B) It has A LOT of controversy revolving around it, and
C) I prefer talking about things I like rather than doing homework.
So here’s my kinda review of Netflix’s 13 Reasons Why: WATCH IT. It’s damn good. Definitely a B+ or a 4 stars out of 5. It’s basically a better quality version of an MTV show with wonderful acting (especially from the two leads), great pacing, incredible character development, and such a raw approach to two controversial topics (sexual assault and suicide) that I applaud the people behind the show for taking such risks. That being said, I need to put an asterisk besides “WATCH IT” because it is a really hard show to watch at times, especially if you know someone who has committed suicide or been sexually assaulted. However, I also don’t feel like its depictions of those two subject matters should be criticized so heavily to the point where people think KIDS ARE GONNA COMMIT SUICIDE OR FOLLOW IN HANNAH’S FOOTSTEPS.
While kids are far from geniuses, they’re also not idiots. The show does a great job of making you understand Hannah’s decision but NOT glamorizing it. No one in the show says that Hannah should’ve killed herself or that suicide is “the only way out.” The show makes it perfectly clear that suicide is the worst possible option to dealing with such dark emotions. I’m really glad the show is able to convey that without demonizing the main character or some of the “offenders” on the tapes.
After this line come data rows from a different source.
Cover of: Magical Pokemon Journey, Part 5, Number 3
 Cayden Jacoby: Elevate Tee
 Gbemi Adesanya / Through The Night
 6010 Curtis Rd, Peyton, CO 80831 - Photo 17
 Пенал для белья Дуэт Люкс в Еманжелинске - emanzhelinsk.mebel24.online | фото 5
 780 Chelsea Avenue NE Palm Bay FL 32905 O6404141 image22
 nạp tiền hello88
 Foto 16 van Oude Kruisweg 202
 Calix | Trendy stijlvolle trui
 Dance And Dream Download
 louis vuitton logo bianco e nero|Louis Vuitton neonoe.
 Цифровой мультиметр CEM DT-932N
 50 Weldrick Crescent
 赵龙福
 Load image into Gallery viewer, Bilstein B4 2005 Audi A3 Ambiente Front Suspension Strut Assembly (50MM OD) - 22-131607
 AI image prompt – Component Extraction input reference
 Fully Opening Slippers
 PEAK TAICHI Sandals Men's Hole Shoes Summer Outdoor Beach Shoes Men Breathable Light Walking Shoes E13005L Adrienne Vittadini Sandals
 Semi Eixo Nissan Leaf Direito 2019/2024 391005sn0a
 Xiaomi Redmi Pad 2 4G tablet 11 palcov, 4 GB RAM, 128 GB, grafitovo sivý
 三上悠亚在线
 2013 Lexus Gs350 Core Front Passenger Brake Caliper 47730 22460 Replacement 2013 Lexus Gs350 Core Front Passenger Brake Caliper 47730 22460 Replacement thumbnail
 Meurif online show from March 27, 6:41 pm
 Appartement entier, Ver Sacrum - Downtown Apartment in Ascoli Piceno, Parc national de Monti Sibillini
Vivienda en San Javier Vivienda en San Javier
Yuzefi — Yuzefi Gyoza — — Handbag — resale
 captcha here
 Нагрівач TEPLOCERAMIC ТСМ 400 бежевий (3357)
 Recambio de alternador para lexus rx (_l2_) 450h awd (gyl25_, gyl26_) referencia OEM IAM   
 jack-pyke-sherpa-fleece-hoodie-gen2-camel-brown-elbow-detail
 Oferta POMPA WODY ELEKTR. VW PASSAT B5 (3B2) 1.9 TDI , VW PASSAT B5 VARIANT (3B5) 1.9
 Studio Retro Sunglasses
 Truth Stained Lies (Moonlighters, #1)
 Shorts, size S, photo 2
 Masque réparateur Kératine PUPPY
That being said though, the show does have some problems. For a show that likes to create these three-dimensional characters you empathize with but also dislike, there are about three characters in particular that are pretty unredeemable, almost to the point of being ridiculously evil. The show also leaves storylines and characters open for a second season which, in my opinion, shouldn’t happen because it doesn’t really feel like there’s enough substance there for more than one season. Speaking of story, there are two ideas expressed throughout the show that are barely touched on: the involvement of the parents in Hannah’s life and the blurred line between Hannah’s tapes and reality. There’s a point in the series where physical evidence shows that Hannah’s account of certain events might not have been what really happened. If handled correctly, this could’ve added another element to Hannah, her tapes, and Clay’s conflicting feelings about both. Instead, it’s barely touched on by the characters, making you question why such an interesting aspect is horribly squandered.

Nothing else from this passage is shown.